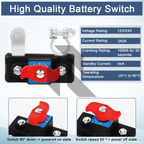 Car Battery Disconnect Switch Manual Automatic Circuit Breaker Anti-Power Off Leakage Protector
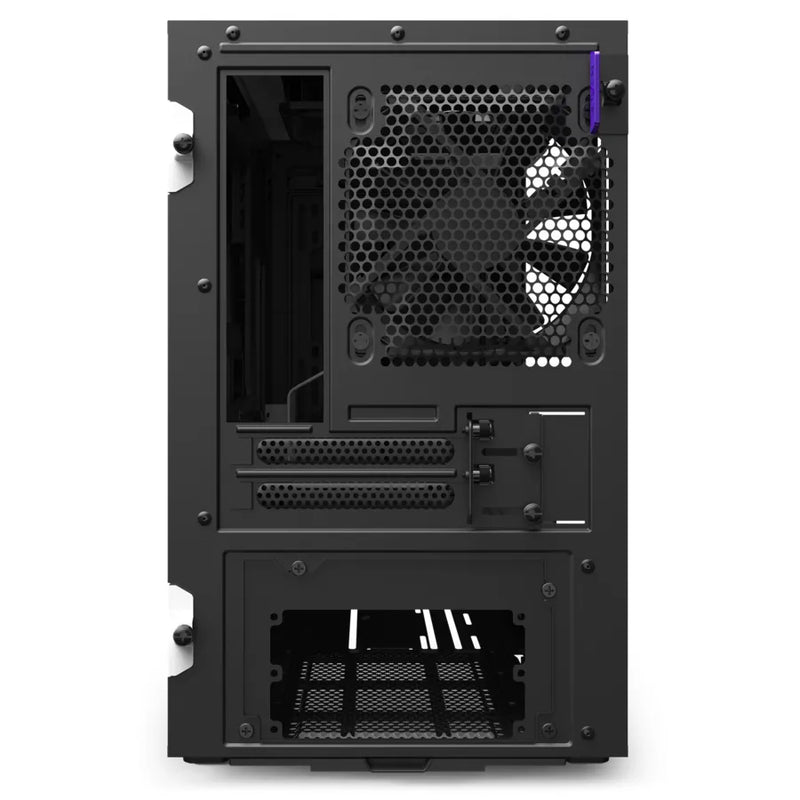 H210i White/black Mini-itx Case With Lighting And Fan Control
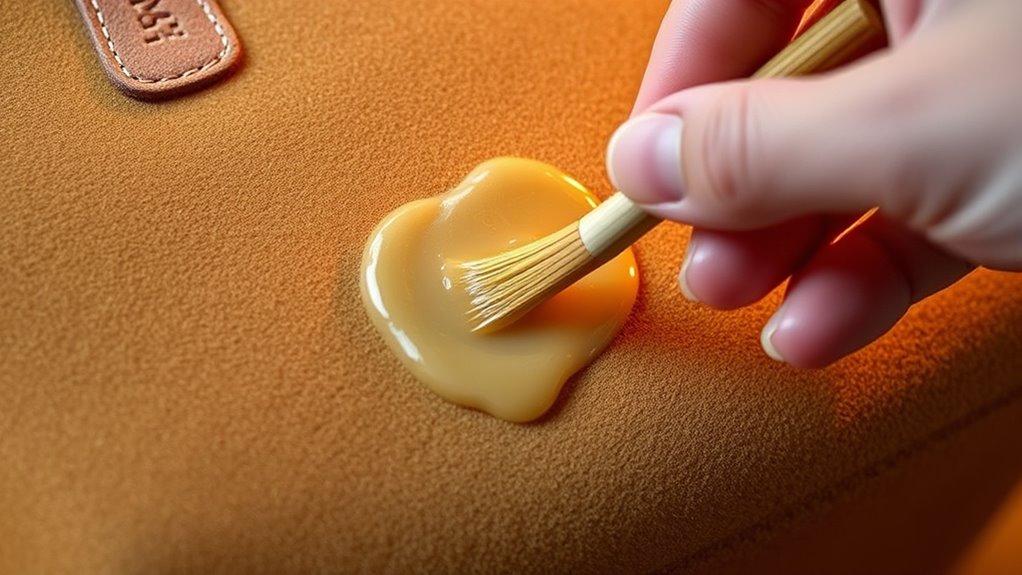 wax application creates water resistance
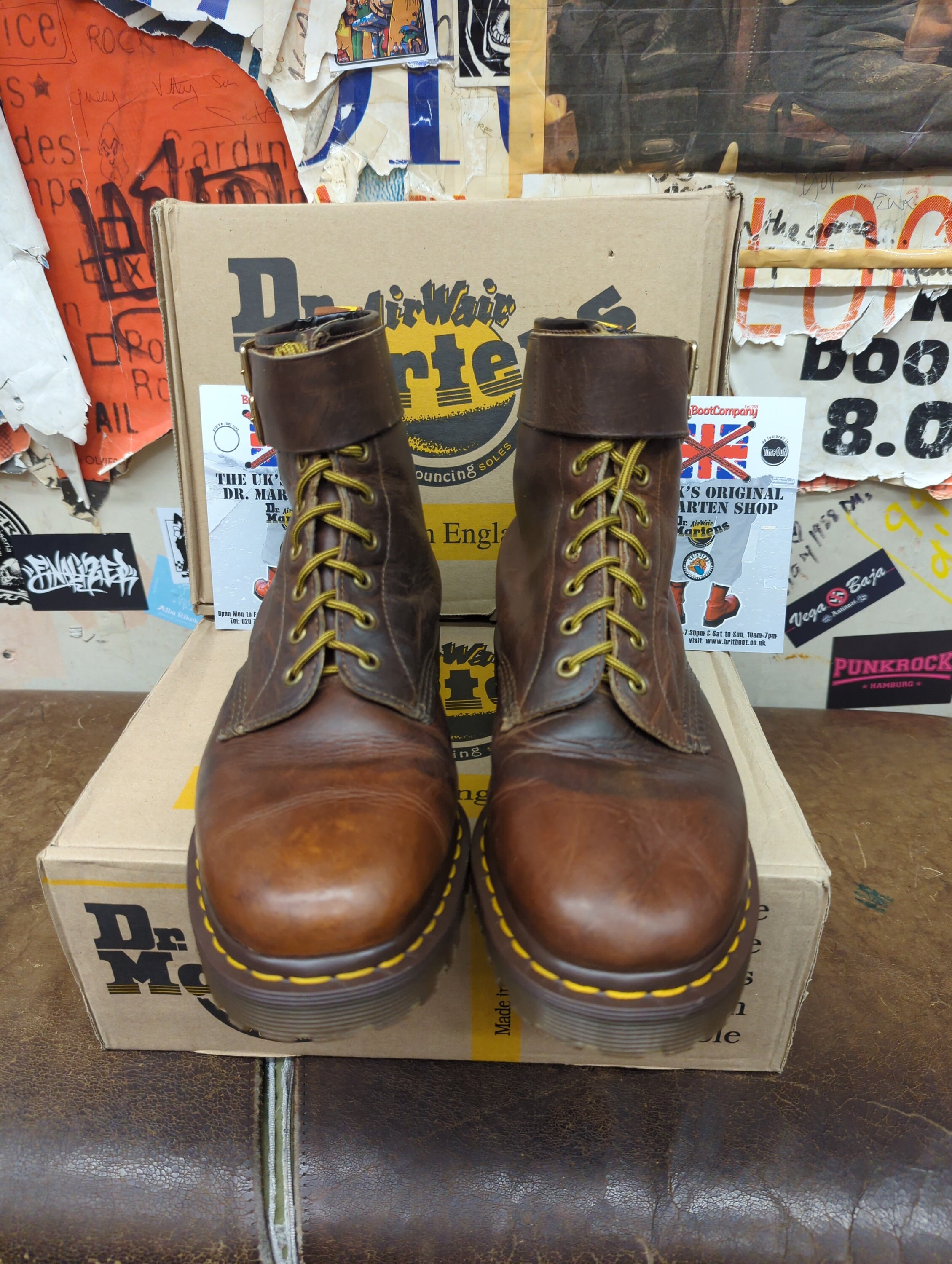 Dr Martens 1460 Tan Analine Twin Strap Made in England Size 10 - Etsy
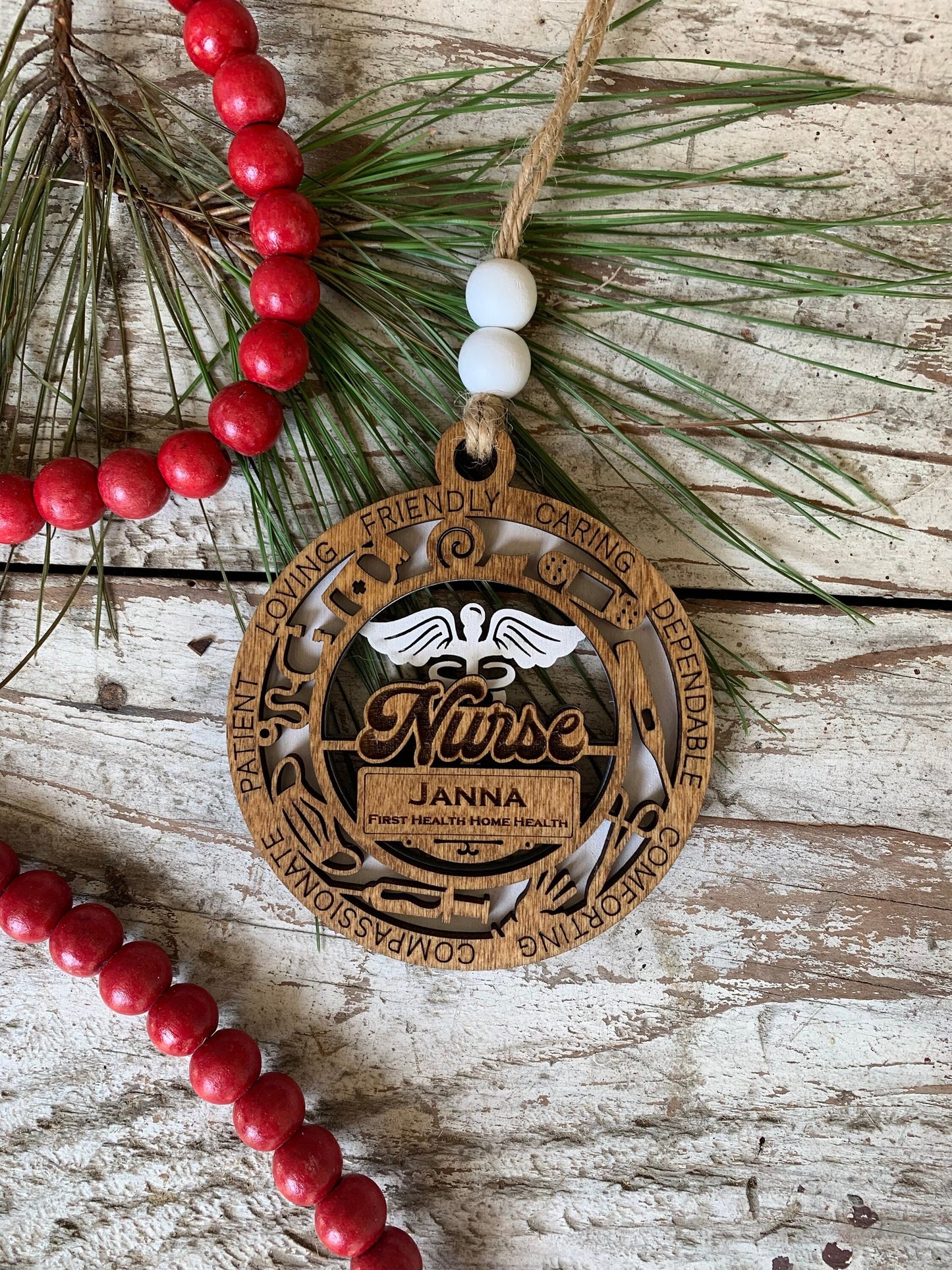 Personalized Nurse Christmas Tree Ornament | Gift for Nursing Graduate | RN Ornament | Gift for Nurse | CNA or LPN Ornament | Custom Nurse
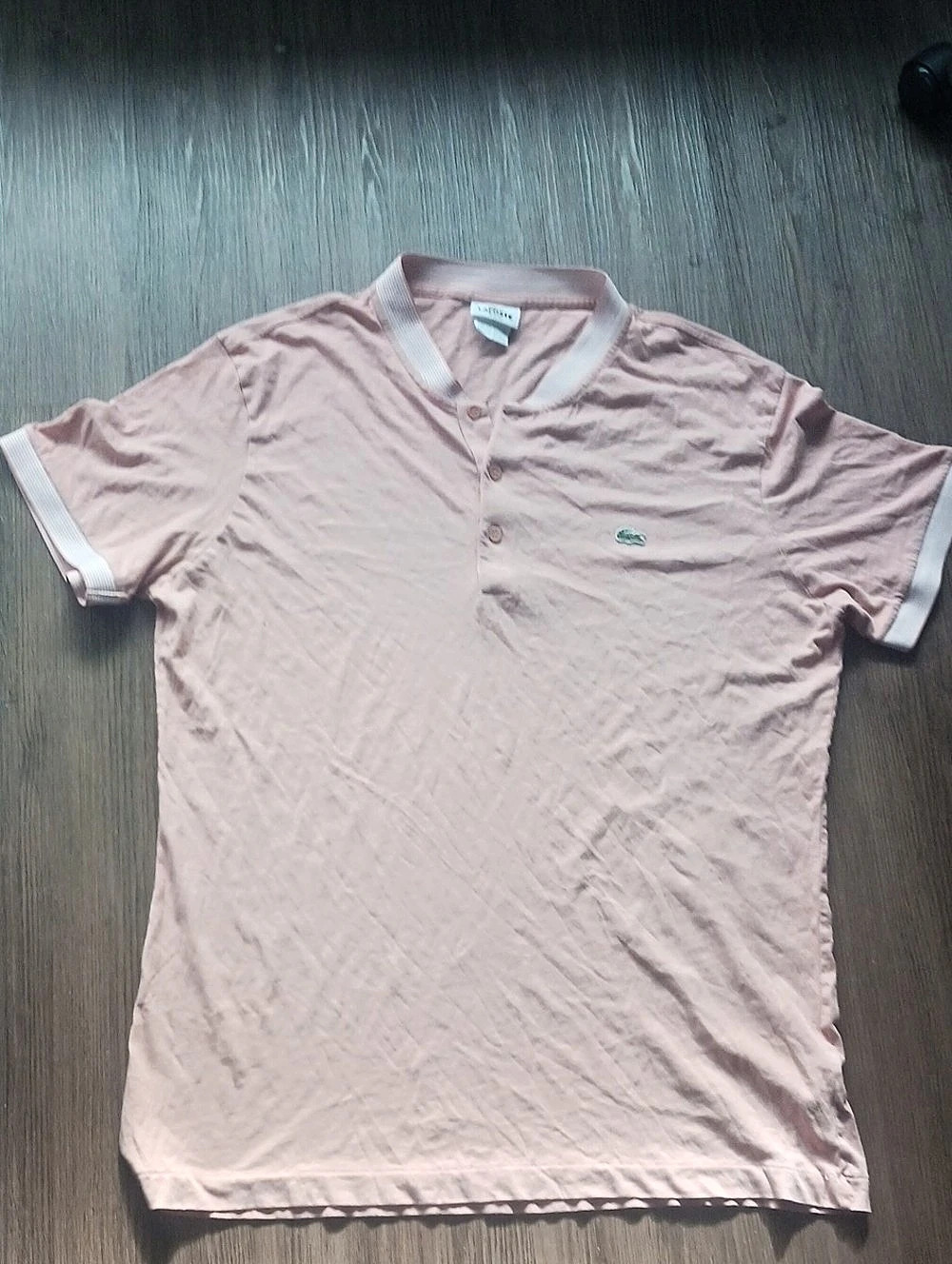 Lacoste Slim Fit Polo Shirt Short Sleeve Pink Size 8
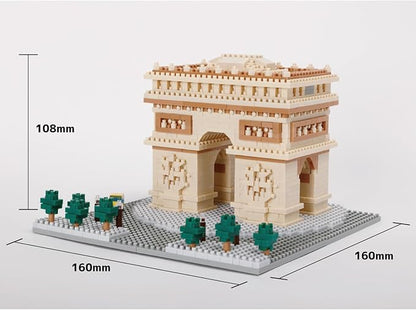 nanoblock - World Famous - Arc De Triomphe L'étoile Deluxe Edition Advanced Hobby Series Building Kit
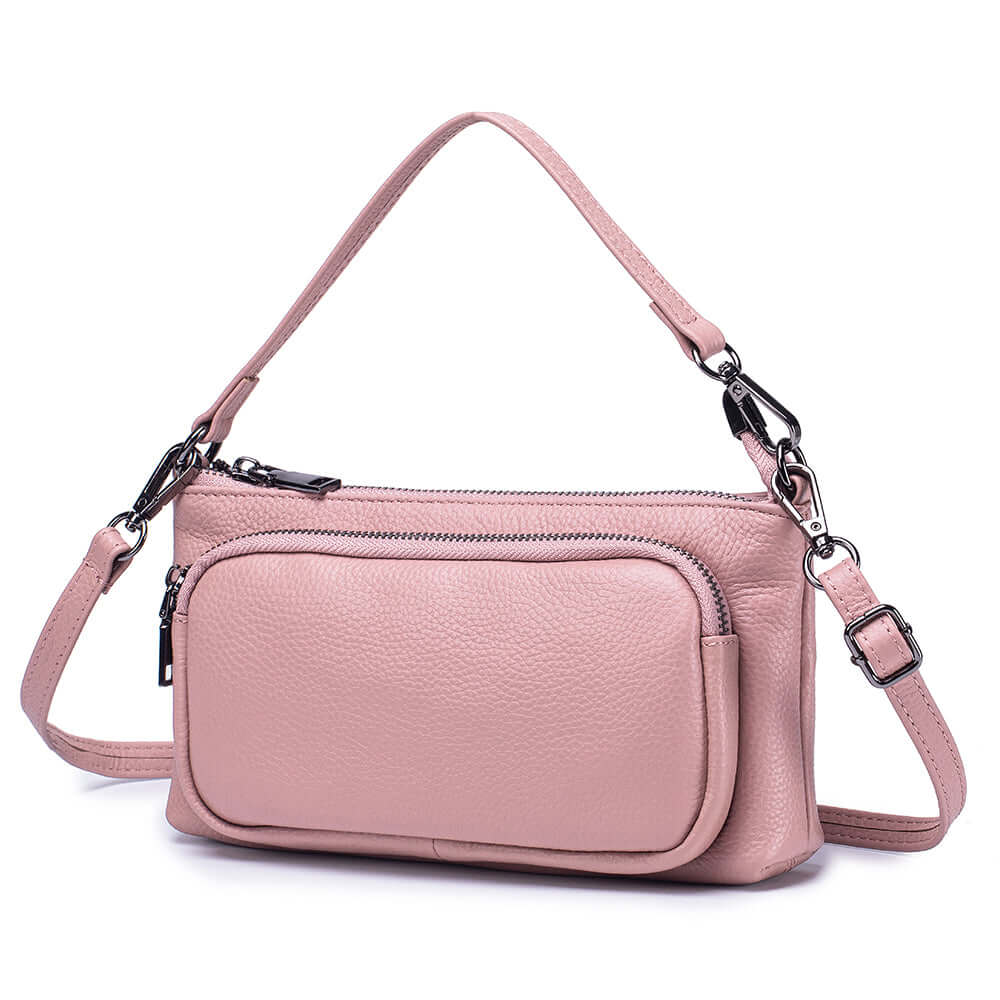 Leather small crossbody bag front view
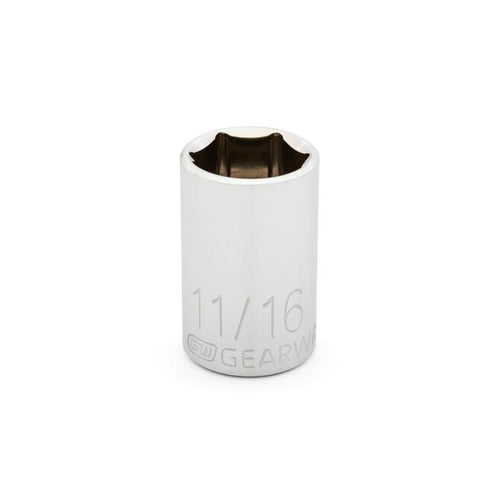 GEARWRENCH 1/2 Drive 6 Point Standard SAE Socket 11/16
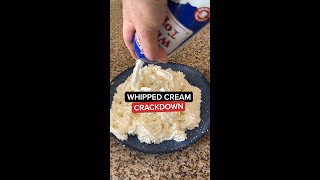 New York's Whipped Cream Crackdown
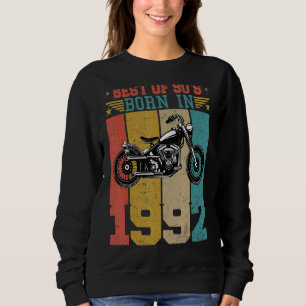 Best Of The 90's Born In 1992 Vintage Motorcycle B Sweatshirt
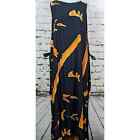 Vintage Artsy Open-Side Swimsuit Cover Maxi Caftan Dress Beach Cruise One Size
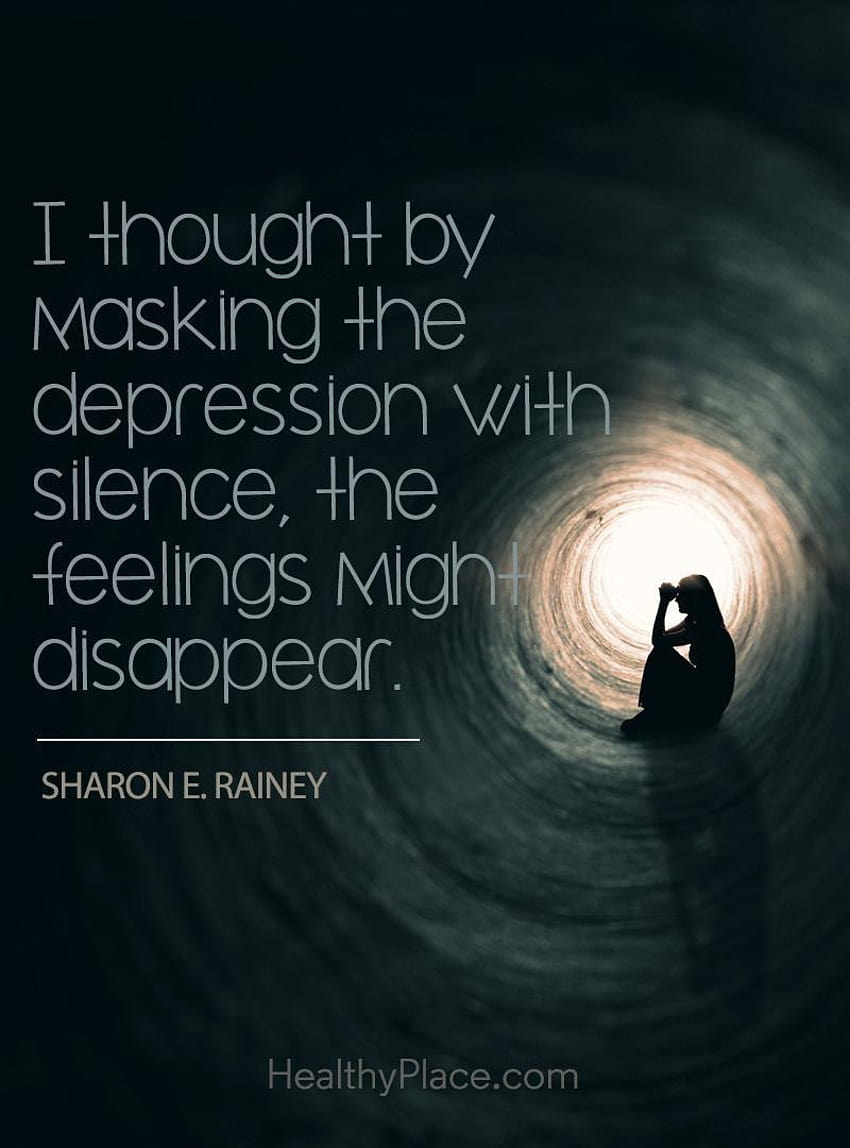 Depression Quotes and Sayings About Depression, deep dark quotes HD phone wallpaper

Goal of the exercise:
Leave out the pictures, and write out exactly the lines from the line containing "New York's Whipped Cream Crackdown" through the end of the records above.

Answer to the problem:
 New York's Whipped Cream Crackdown
 Best Of The 90's Born In 1992 Vintage Motorcycle B Sweatshirt
 Vintage Artsy Open-Side Swimsuit Cover Maxi Caftan Dress Beach Cruise One Size
 Depression Quotes and Sayings About Depression, deep dark quotes HD phone wallpaper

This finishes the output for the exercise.